I didn’t have to wake up early today, it’s Sunday, and I could have stayed in bed. But that didn’t happen. Why? Because I had another newspaper dream. No, check that, it wasn’t a dream, it was a nightmare!
I’ve lost track of exactly how long I’ve been out of the business, but I think it’s been around five years already. Why do I keep having these nightmares? I’m asking you, former colleagues. I’m asking all you veterans of the newspaper wars. Does this ever happen to you? Is it a case of Newspaper PTSD?
Over the years, the nightmares have awakened me several times, but recently it’s been worse. I just had my third newspaper nightmare over the past two weeks, and it’s bothersome, especially since I’m no longer collecting a paycheck that would somehow justify the stress. My god, I voluntarily gave this up! Make it go away!
My nightmares don’t usually feature actual people that I knew, just nameless faces. Other details, however, come straight from the memory banks of hellish real-life events.
A nightmare last week had me sitting on the copy desk, watching the clock tick down as I twiddled my thumbs because the computer system was down … again. Of course that really happened to me — on many occasions — just as I’m sure it happened to anyone who ever worked for a newspaper. There are not many more helpless feelings for a deskman than to have deadline approaching, a mountain of copy to climb, and no way to get started.
Gaaaaa! Wake up! I don’t need this!
Last night’s nightmare was worse because it involved an active obstructionist. I’ve worked for newspapers where workers in other departments did everything possible to assist the copy desk, because they understood what kind of stress we were under. Thank you, Marla. Thank you, Gladys. Thank you, Ken.
Unfortunately, I also worked at newspapers where the opposite was true, and last night’s nightmare stemmed from some of those experiences. I’ve had artists refuse to send over locator maps because they were working on something else that wasn’t due until next week! I’ve had a photo editor refuse to send over a mugshot I’d requested because he judged that I “really don’t need it,” even though he had no idea what I needed it for, or why. I’ve had city desk editors decide to hold my lead story, then walk out the door without telling anybody! You haven’t truly lived until you’ve sat there with your dick in your hand —10 minutes until deadline — then realized the horrible truth, that your lead story ain’t coming!

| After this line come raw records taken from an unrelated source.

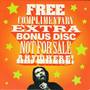 Free Complimentary Extra Bonus Disc Not For Sale Anywhere!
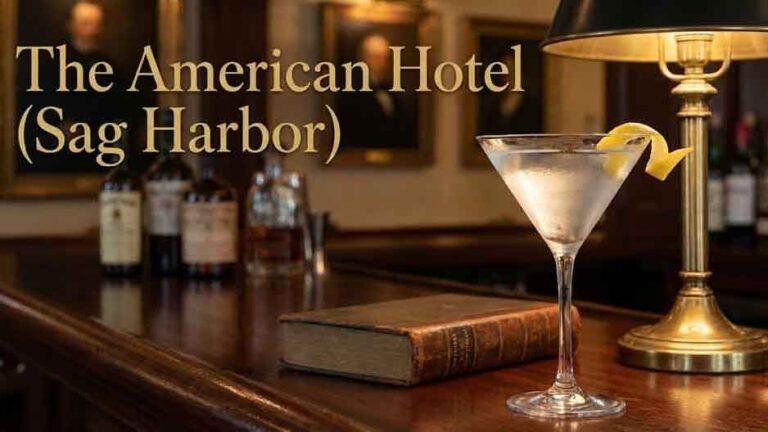 The American Hotel – 49 Main Street, Sag Harbor, NY 11963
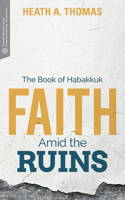 Faith Amid the Ruins: The Book of Habakkuk 1577997174 Book Cover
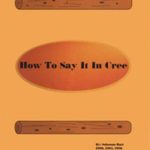 خرید و دانلود نسخه کامل کتاب How to say it in cree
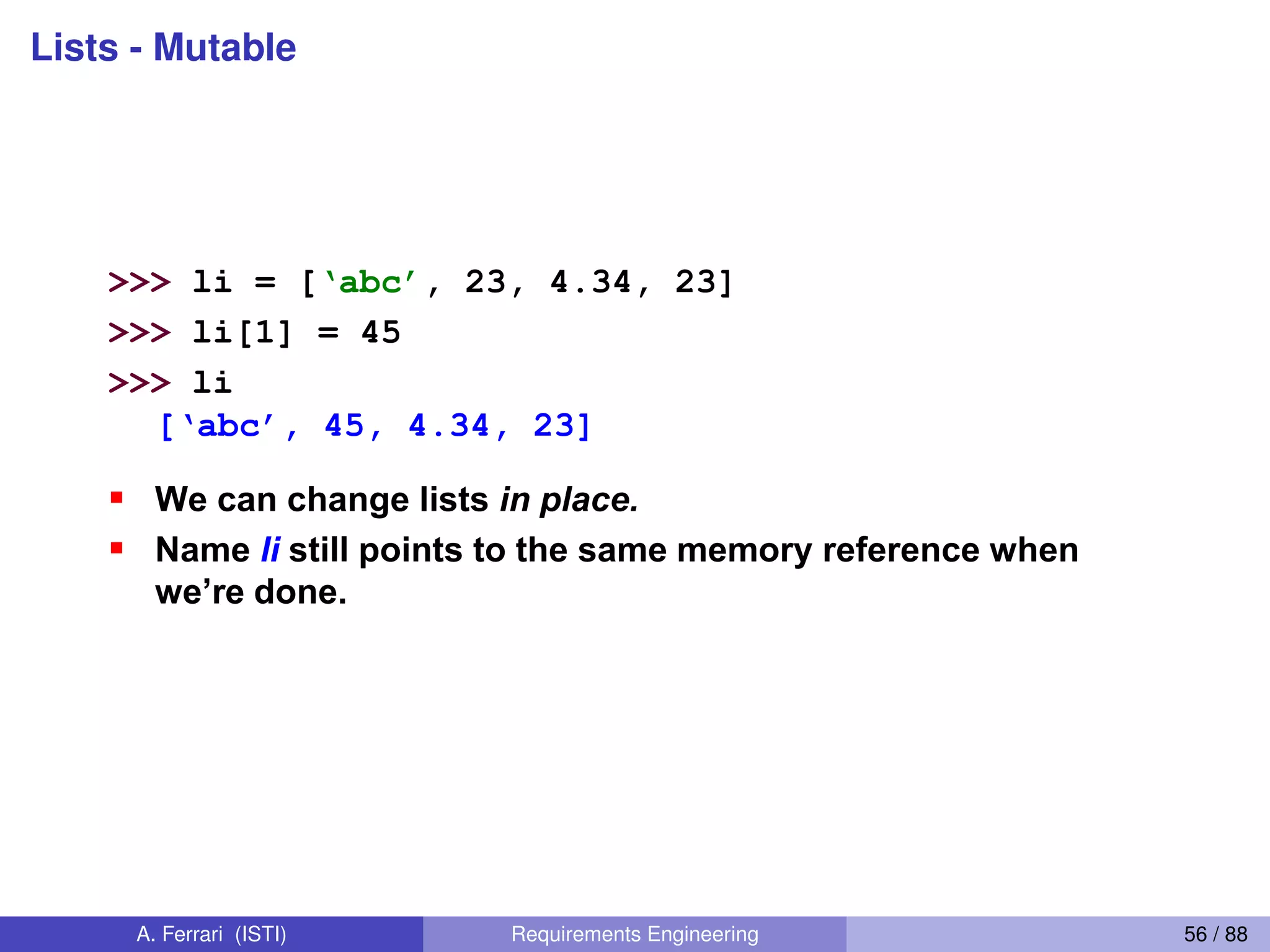Lists - Mutable
36
Lists: Mutable
>>> li = [‘abc’, 23, 4.34, 23]
>>> li[1] = 45
>>> li
[‘abc’,  45,  4.34,  23]
We can change lists in place.
Name li still points to the same memory reference when
we’re  done.  
A. Ferrari (ISTI) Requirements Engineering 56 / 88
 
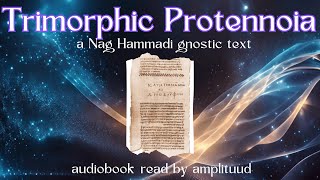Trimorphic Protennoia Nag Hammadi Gnostic Text Audiobook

In last night’s nightmare, I was working the front page, and deadline was approaching. I sat down at my desk and saw that I hadn’t moved a single story, even though they were all sitting there in my queue. Panic set in, and I started to work, but needed a sidebar to pair with a jump. The wire editor then refused to send it over, saying he needed authorization from someone who wasn’t even in the newsroom! Authorization? You need authorization? I’m your authorization, you idiot!!!!
A newspaper layout job can be like putting together a giant jigsaw puzzle, but one where none of the pieces fit. Last night, I just couldn’t work the puzzle, and no one was helping. I was doomed, watching the clock tick, tick, tick away the minutes. I was helpless, couldn’t do anything, kept turning the same pieces every which way, trying desperately to make something fit. That sidebar was the missing piece, and with it, everything else would fall into place. Oh god, why won’t this asshat on the wire desk just send it over??? Somebody please help meeeeee!
When I woke up, I got out of bed immediately, the nightmare still fresh in my mind. No pleasant dozing for me in the cool of the morning; I was already stressed out at 5:30 a.m. I did what any good ex-newspaperman would do, I brewed up a pot of coffee, needing that shot of caffeine to wind me up tighter still.
Do you ever have newspaper dreams? I hate ‘em. Somebody please make them go away!